Tuesday, December 8, 2009

The evolution of Google, and application delivery.

Things are evolving rapidly.  

Google continues to acquire companies and, by taking advantage of technology they have acquired (and improved upon) offer unique search services to the public.  It is this continually operating "idea factory" that allows such concepts as Google Wave and voice search to get to market so quickly.  From internal user testing to small focus groups, to dropping the application on Google's massive network of data centers, you have a testing mechanism that is at a scale unavailable in traditional software development models.  

Certainly, many people in the corporate world are still wary of "the cloud" and for that matter, Google as a real enterprise player.  But that doesn't change the methodology in which Google delivers their applications to the marketplace.  

Early this morning, I tried to scan my memory for an application Google launched for the enterprise that was not already available publicly.  Mail, calendar, docs, search, all these applications were first publicly available and by being publicly available (and free), you have a testing process on a large scale in permutations that cannot be imagined.  In other words, Google can throw a ton of internal, grid-based tests at applications before they go to public Beta, but they cannot predict the interesting ways people will use these applications.  And, if something becomes VERY interesting to Google, it is incorporated into the product directly, automatically, for free.  

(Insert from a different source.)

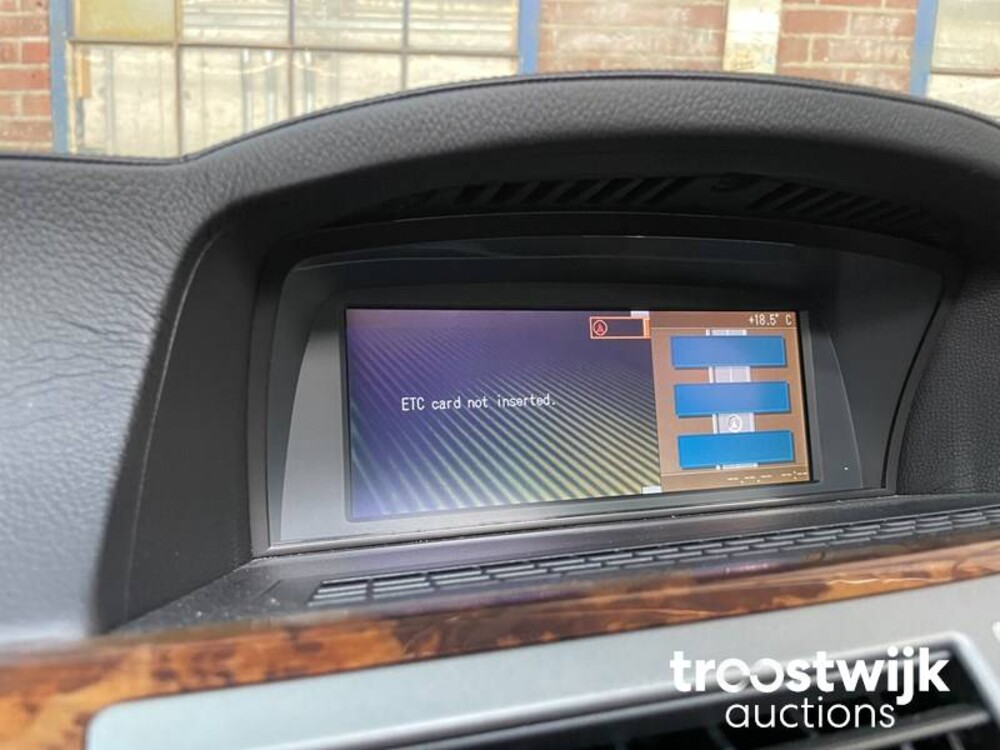 BMW 760Li E65 6.0 V12 445pk 2004 7-Serie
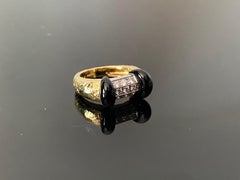 Asprey 1960s Diamond Black Enamel Bow Ring Hammered 18 Karat Yellow Gold French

So while I understand the lack of trust many enterprise IT folks have for Google, it's hard to challenge the delivery model.  Cloud applications, software-as-a-service, on-demand, what it's called is irrelevant.  What is relevant is how companies and users benefit from massively scalable applications tested across large permutations of use cases in the public domain.  This, combined with Google's approach to constant product evolution (without downloading and installing patches or service packs), lifts IT out of the doldrums of keeping the lights on, and into the the next era of enterprise innovation.  

Focus on your core business, farm everything else out to the cloud.  It just makes sense.